Tell the 45,252 people who crammed into Cape Town Stadium on Sunday afternoon that the event was of little consequence. Tell the coaches and the players of the respective teams that the warm-up matches didn’t matter.
Even the most cynical of fans and critics would have to admit that something special transpired over the weekend. Those who have observed the steady decline in attendances at each and every South African stadium over the past few seasons will vouch for the fact that the turnout and atmosphere witnessed at Cape Town Stadium was something out of the ordinary.
It’s something to celebrate, as well as something to learn from.

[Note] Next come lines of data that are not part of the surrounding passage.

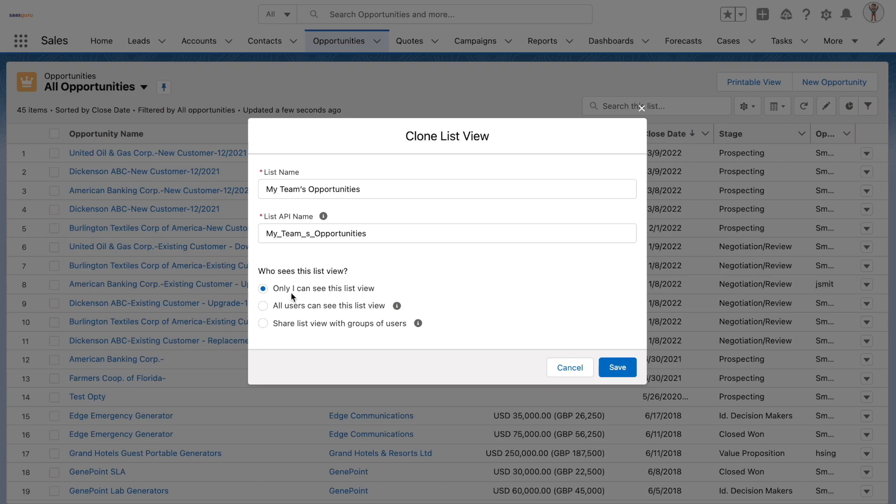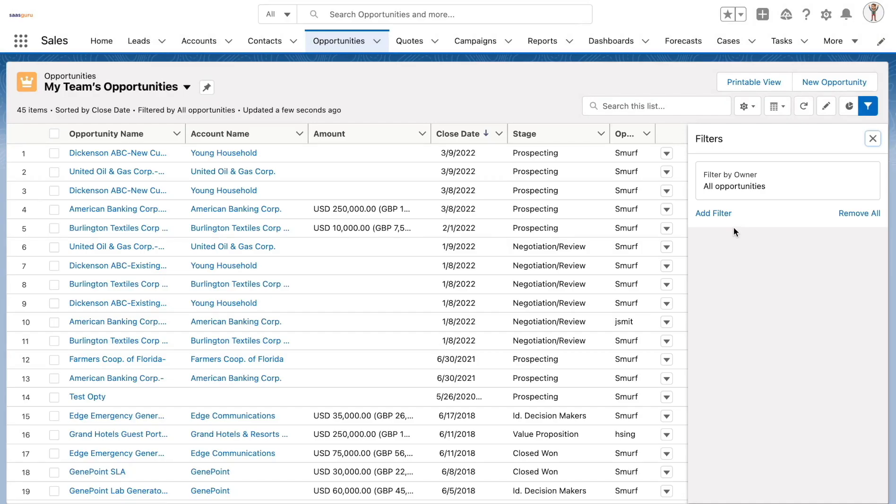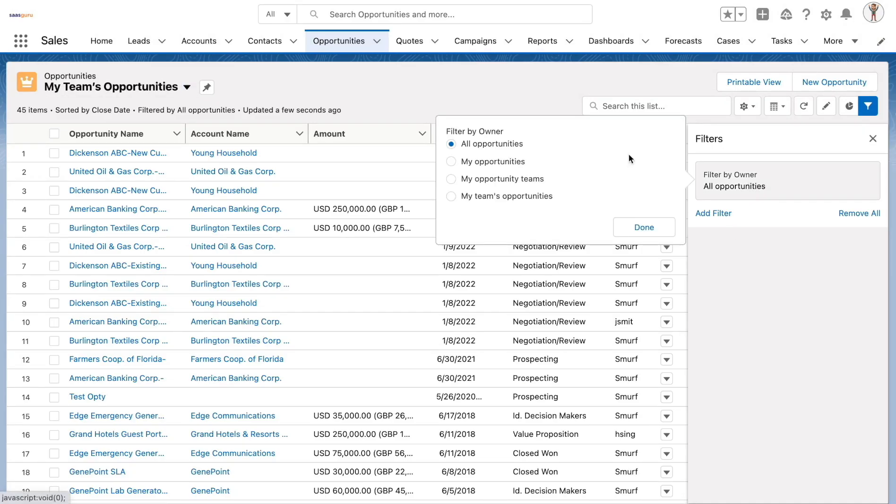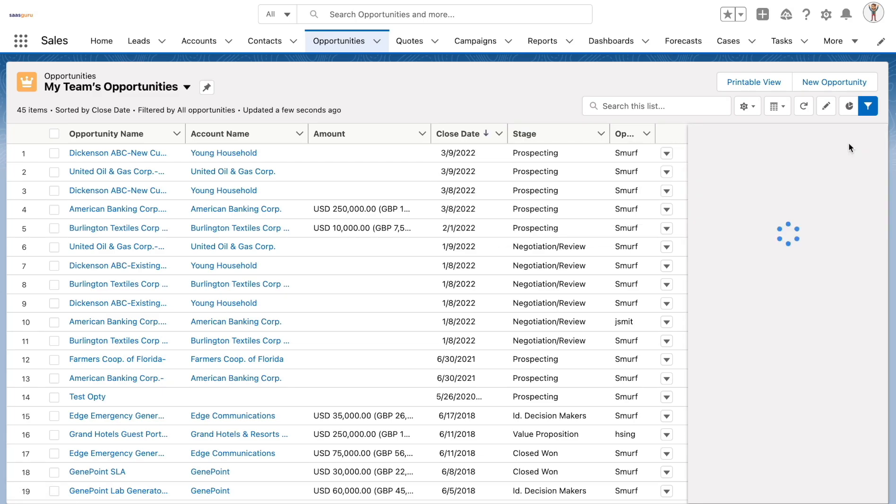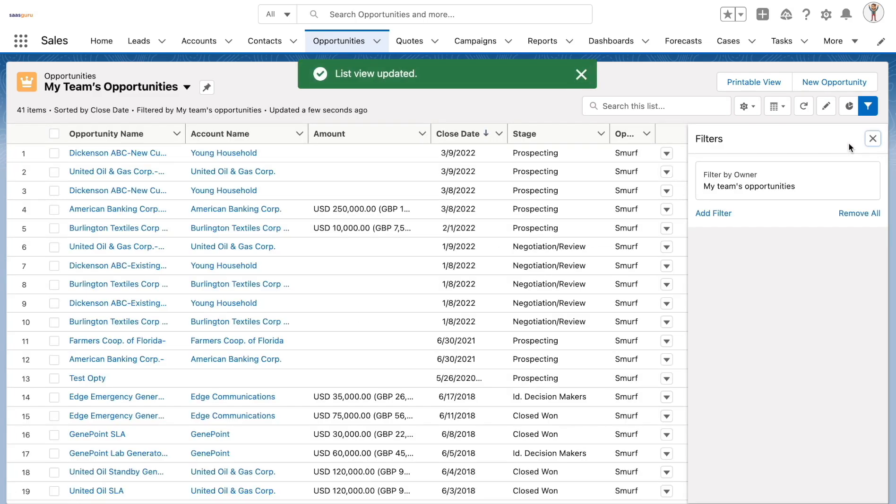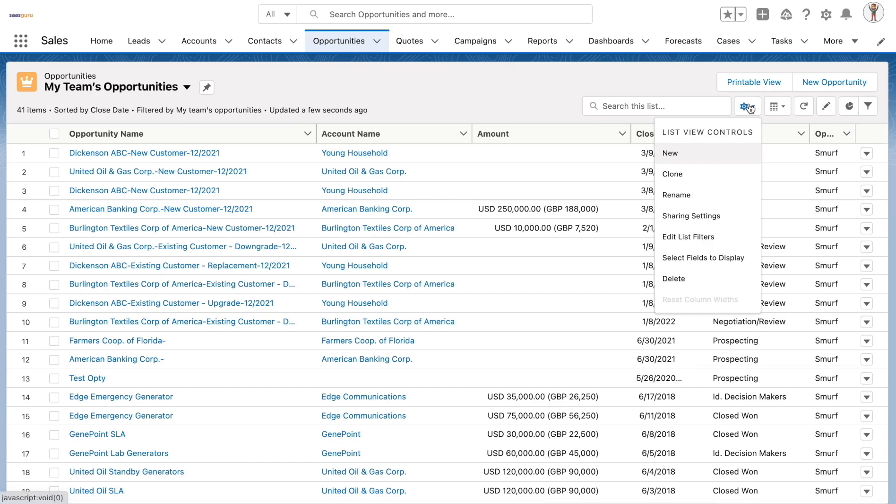Users can restrict the visibility of the list view to themselves, make it available for all the users within the organization, or share it with a limited set of users. Further, let's go and add the required filter so that only my team's opportunities are visible and save the list view.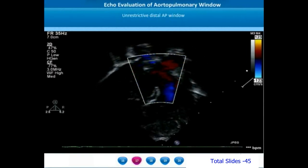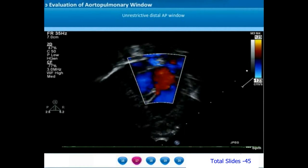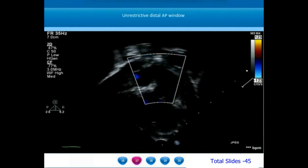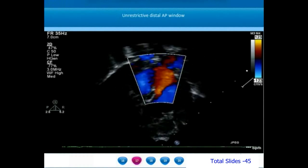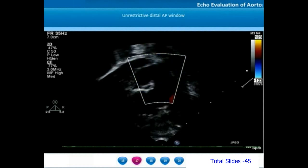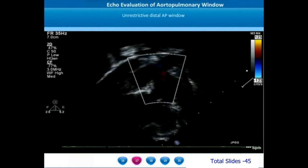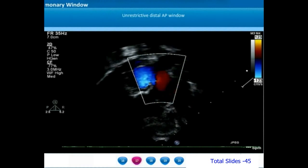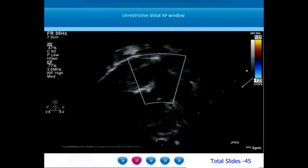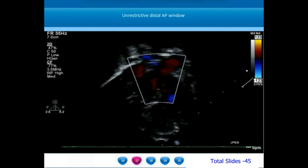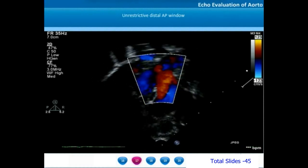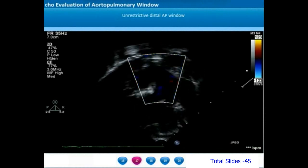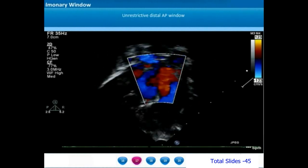Having seen a proximal restrictive AP window, we move on to another example of an unrestrictive large distal AP window. We are viewing from the AP window view and making a sweep anteriorly to visualize the right ventricular outflow tract. In this modified view with a significant anterior sweep, we see the right ventricular outflow tract, the pulmonary valve, and the main pulmonary artery. On the left side of the screen are portions of the ascending aorta, and distally the main pulmonary artery and ascending aorta almost merge together.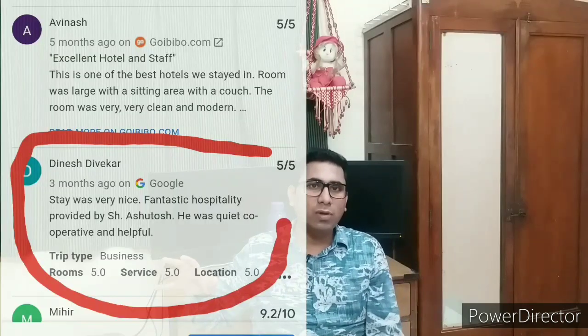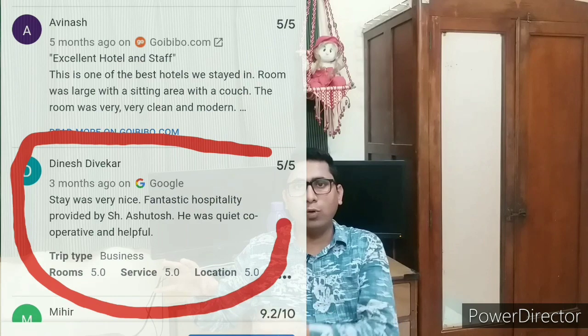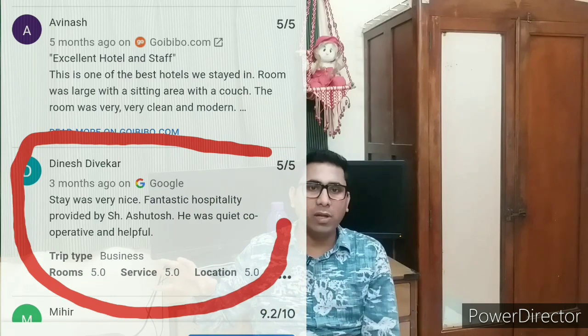Fifth and sixth benefits relate to points. Jaisi maine tips walk box ka bataya tha, waisi hi points milte hain. Agar aap accha kaam kar rahe ho, guest satisfy ho raha hai, aapka naam hotel ki website pe aa raha hai, ya guest ne aapka good review diya manager ya HOD ko, toh points milte hain. Yeh points promotion ke liye use ho sakte hain aur points ka paisa bhi milta hai.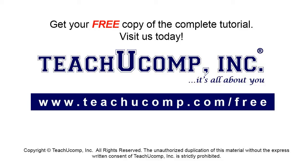Get your free copy of the complete tutorial at www.teachyoucomp.com forward slash free.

Contrast these numbers with those throughout the 2018 Vodacom Super Rugby tournament. The Stormers, traditionally one of the best-supported sides as far as attendance is concerned, drew a mere 18,093 people to Newlands for the opening match against the Jaguares.
The side blew hot and cold over the course of the season. The atmosphere in the creaking, poorly maintained old stadium was often supplemented by canned cheering and annoyingly loud music from the PA.
This past Sunday felt different. Like many, I went to the Superhero Sunday event at Cape Town Stadium with low expectations. I thought it would be a great family occasion as well as an opportunity for the South African players to stretch their legs before the tournament proper. Then I noticed how many more people had filtered through the gates in the lead-up to the Stormers and Vodacom Bulls match.
The cheer that accompanied every hit and try over the course of that game was deafening. I found myself wondering if it would be possible to stage such a party on a weekly basis, and how such a crowd would react if the Crusaders or Hurricanes came to town or if major Tests against the All Blacks and England were staged at this magnificent arena.
The debate whether the Stormers should move to Cape Town Stadium or not has been raging for years. On Sunday, after the second game, Bulls skipper Lood de Jager offered his opinion on the subject.
De Jager said he had grown up dreaming about playing on the hallowed turf of Newlands where so many great Springbok players had trod before. De Jager is not alone in this view, and I know for a fact that many Cape-based players and fans appreciate the history associated with the ground.
Sadly, I also know for a fact how little has been done to modernise Newlands over the past decade, and how the experience of visiting the ground has become a chore. Just as Lansdowne Road evolved to become the Aviva Stadium, Newlands should have been developed into something greater. Failing that, the leadership should have recognised the potential of the state-of-the-art stadium situated in the ideal location of Green Point.
After the game on Sunday, both Robbie Fleck and Pote Human spoke about the players’ response to playing in front of a full house. It was clear from the press box that the Bulls and Stormers were taking this game seriously, despite the fact that no log points were on offer. It was clear how they were boosted by the atmosphere. It’s a shame that no more rugby fixtures will be staged at this venue until December.
Fleck and stand-in Stormers skipper Chris van Zyl appeared lifted by the whole experience. The Stormers endured a difficult week after discovering that Paul Treu had been lined up to replace Gert Smal as director of rugby at the end of the year. It wouldn’t surprise to see some of the big-name players furthering their careers elsewhere if Treu comes to power.
New reports have emerged regarding a power struggle between the WP Rugby board and the WPRFU executive committee. Once more, the Stormers and WP are making headlines for all the wrong reasons, and the average fan has every right to ask how the team is ever going to realise its potential when there is so much infighting and poor decision-making at an administrative level.
This past Sunday provided long-suffering fans with a respite from the madness. The players, and indeed the people in the crowd, made it an event to remember.
World Rugby CEO Brett Gosper retweeted SA Rugby magazine’s video showcasing the atmosphere. ‘They do quite like their rugby in South Africa …’ he said.
If only that were the case every week.